Careful monitoring is advised for paroxetine-treated patients for whom concomitant triptan therapy is clinically warranted, particularly during initiation of therapy, dose increases, or the addition of another serotonergic drug.

Triptans are used to treat migraines. The drug class includes naratriptan HCl (Amerge, made by GlaxoSmithKline), almotriptan malate (Axert, made by Ortho-McNeil Pharmaceutical, Inc), frovatriptan succinate (Frova, made by Endo Pharmaceuticals), sumatriptan/sumatriptan succinate (Imitrex, made by GlaxoSmithKline), rizatriptan benzoate (Maxalt and Maxalt-MLT, made by Merck and Co, Inc), eletriptan HBr (Relpax, made by Pfizer, Inc), and zolmitriptan (Zomig and Zomig ZMT, made by AstraZeneca Pharmaceuticals LP).

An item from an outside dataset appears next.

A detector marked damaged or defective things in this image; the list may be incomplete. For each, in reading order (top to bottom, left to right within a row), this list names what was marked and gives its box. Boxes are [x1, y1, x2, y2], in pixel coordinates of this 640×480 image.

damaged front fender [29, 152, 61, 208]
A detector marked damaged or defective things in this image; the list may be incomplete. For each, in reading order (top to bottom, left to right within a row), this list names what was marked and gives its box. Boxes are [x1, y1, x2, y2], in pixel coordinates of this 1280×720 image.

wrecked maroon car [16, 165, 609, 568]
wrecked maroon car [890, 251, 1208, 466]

Paroxetine (Paxil, Paxil CR) Linked to Increased Risk for Suicidality in Young Adults

The FDA has approved safety labeling changes to warn of the potential increased risk for suicidal behavior in paroxetine-treated patients. Careful monitoring is warranted for all patients regardless of the disorder being treated and may be of particular importance for young adults and those with improving depression.

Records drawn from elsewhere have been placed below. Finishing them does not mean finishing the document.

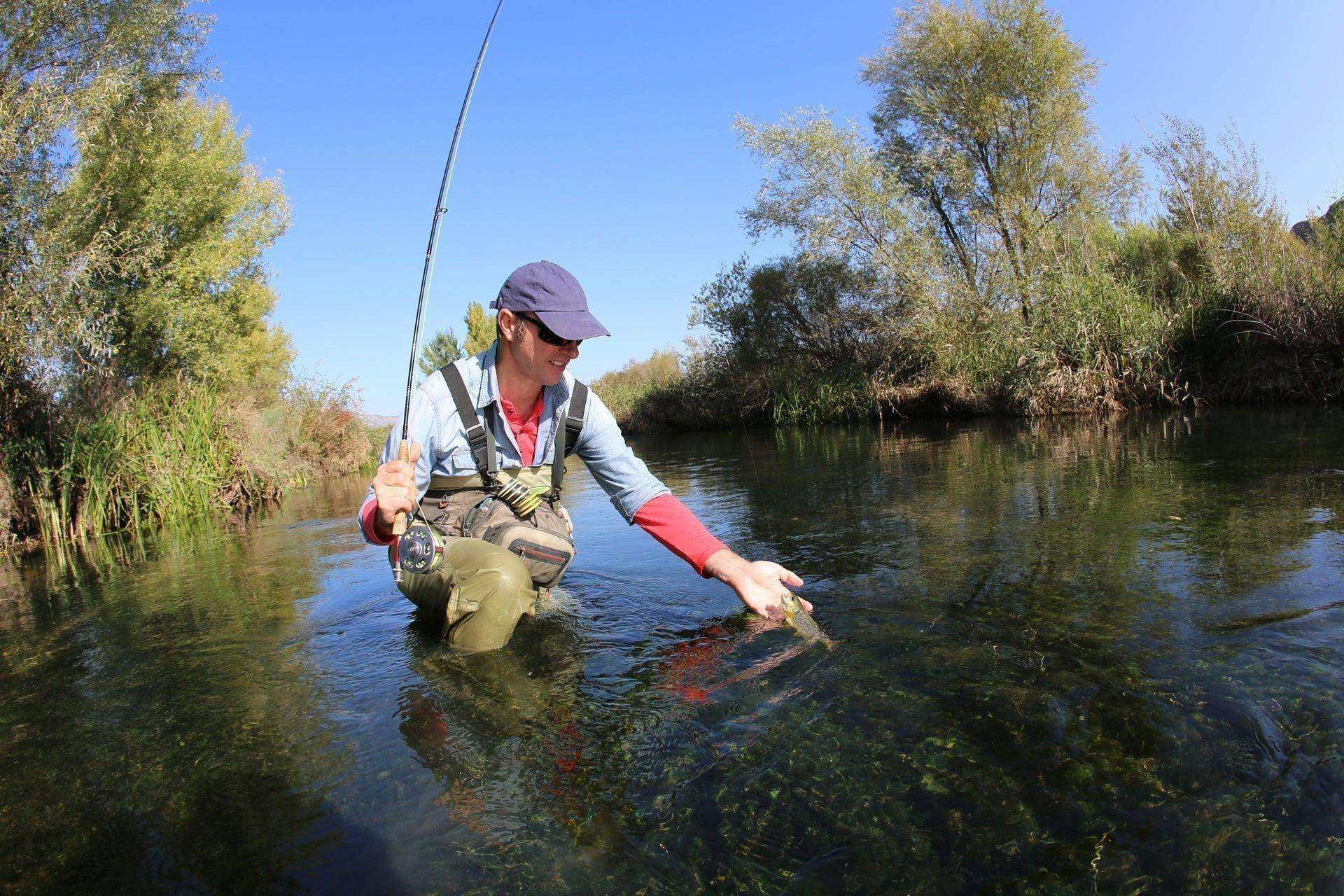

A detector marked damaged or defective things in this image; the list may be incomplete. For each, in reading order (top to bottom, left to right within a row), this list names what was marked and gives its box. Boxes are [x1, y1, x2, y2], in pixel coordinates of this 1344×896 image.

bent fly rod [398, 0, 507, 582] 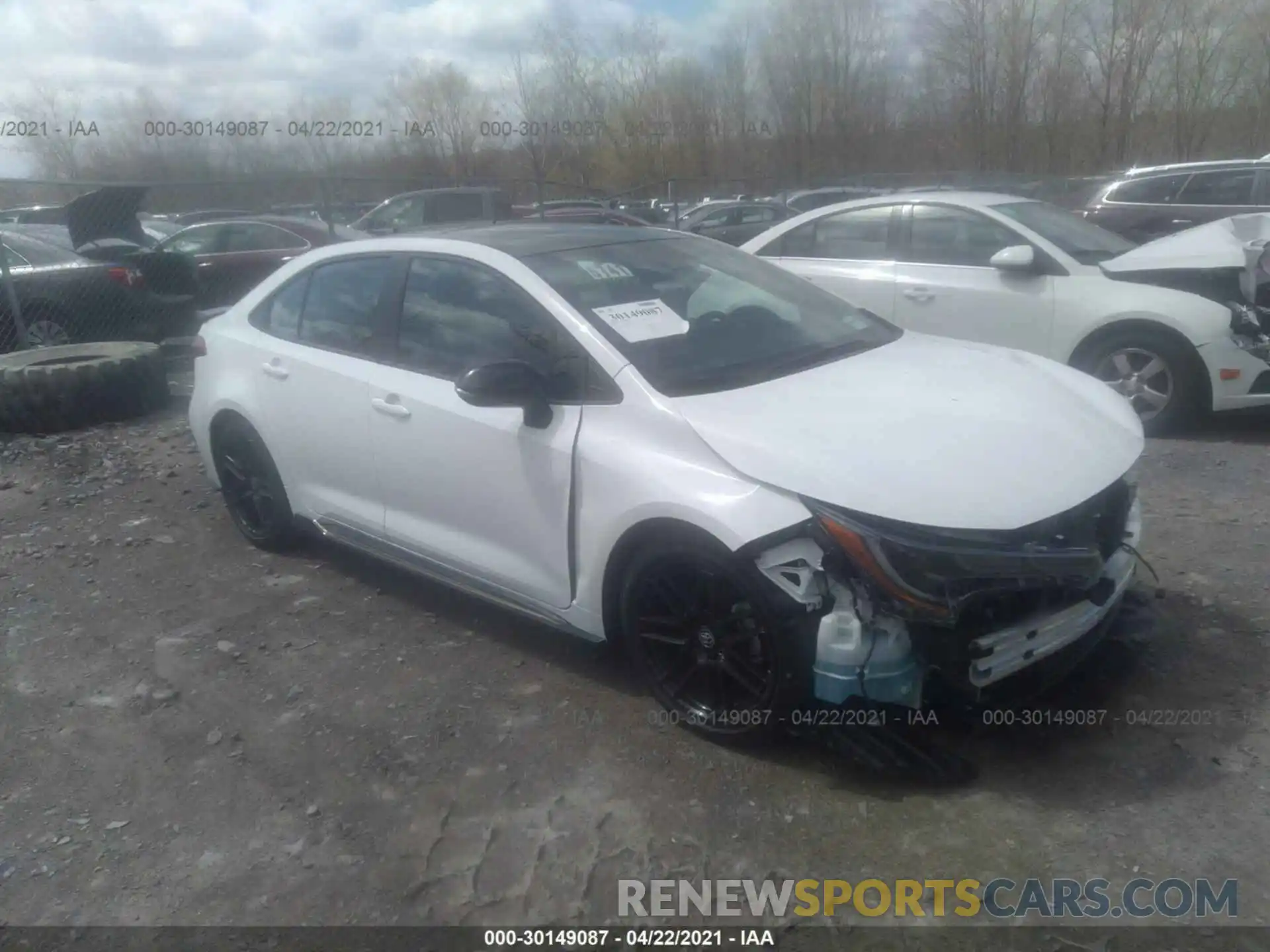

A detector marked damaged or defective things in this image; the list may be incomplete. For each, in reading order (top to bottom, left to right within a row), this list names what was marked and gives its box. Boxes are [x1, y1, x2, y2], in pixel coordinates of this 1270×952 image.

damaged white car in background [190, 225, 1153, 751]
wrecked car hood open [670, 333, 1148, 533]
damaged front end [751, 479, 1143, 711]
exposed headlight [812, 500, 1112, 627]
damaged white car in background [741, 198, 1270, 436]
wrecked car hood open [1102, 214, 1270, 307]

The warning was based on data from a recent meta-analysis of suicidal behavior and ideation in placebo-controlled clinical trials of paroxetine in adults with psychiatric disorders, such as major depressive disorder (MDD), as well as other depression and nondepression disorders. The trials included 8958 paroxetine-treated patients and 5953 patients who received placebo.

Study results showed that paroxetine therapy was linked to an increased frequency of suicidal behavior in young adults aged 18 to 24 years (2.19% vs placebo, 0.92%). Although not statistically significant, the increase occurred in patients with depressive and nondepressive conditions alike. The FDA notes that no such increase was observed among adults aged 25 years and older.

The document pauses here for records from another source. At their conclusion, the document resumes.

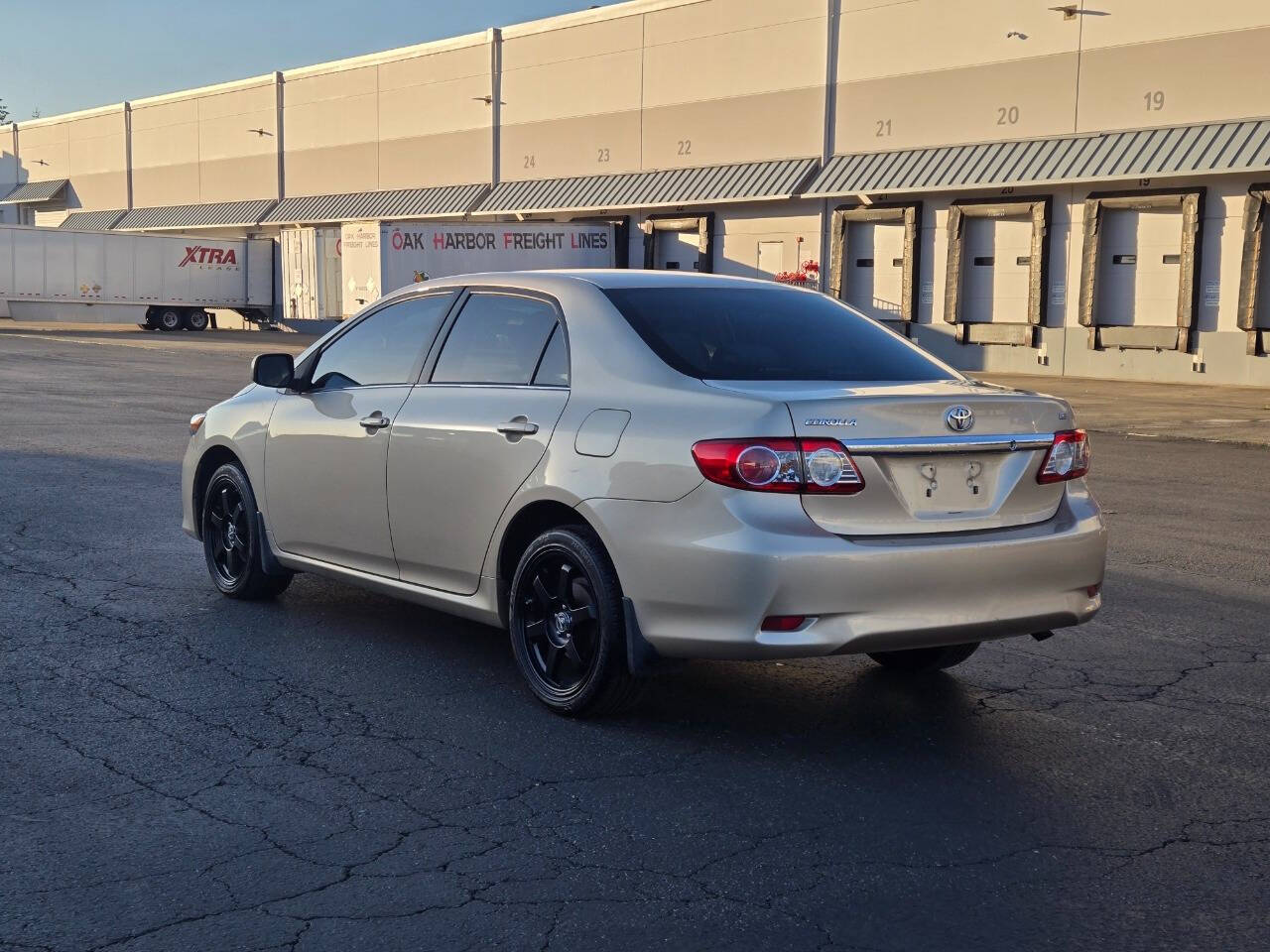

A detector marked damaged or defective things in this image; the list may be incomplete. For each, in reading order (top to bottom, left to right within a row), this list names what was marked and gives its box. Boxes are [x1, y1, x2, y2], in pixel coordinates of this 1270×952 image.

cracked asphalt [0, 329, 1264, 952] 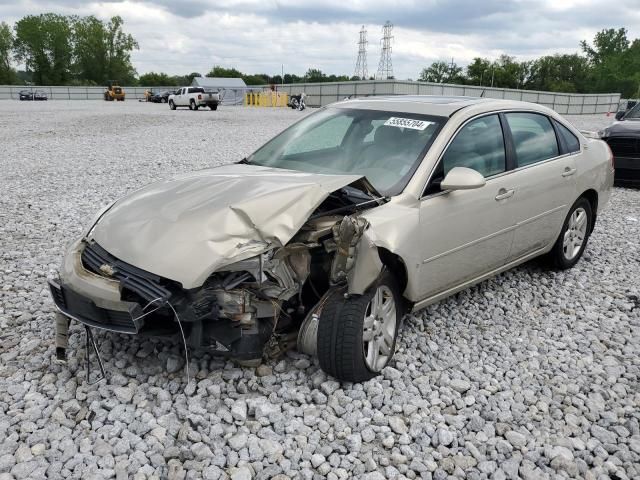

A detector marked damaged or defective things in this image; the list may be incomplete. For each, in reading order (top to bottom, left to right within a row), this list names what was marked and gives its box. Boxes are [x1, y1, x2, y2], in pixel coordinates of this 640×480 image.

shattered windshield [246, 107, 444, 195]
detached bumper [49, 240, 145, 334]
crushed hood [87, 163, 364, 286]
damaged chevrolet impala [47, 96, 612, 382]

Paroxetine therapy was also linked to a significantly increased frequency of suicidal behavior among adults of all ages with MDD (0.32% vs placebo, 0.05%). Despite the statistical significance of the finding, the FDA advises that it be interpreted with caution because of the small absolute number and incidence of events.

Although all cases of suicidal behavior in adult patients with MDD involved nonfatal suicide attempts, the majority of these events (8/11) occurred in younger adults aged 18 to 30 years, suggesting that the risk for suicidality across psychiatric disorders in younger adults may extend beyond the age of 24 years.

The FDA notes that the potential increased risk for suicidal behavior in MDD patients was observed despite substantial evidence for efficacy in those receiving paroxetine, as determined using standardized disease-specific instruments, such as the Hamilton Depression and Montgomery-Asberg Depression rating scales. Most patients had an identified social stressor at the time of the event.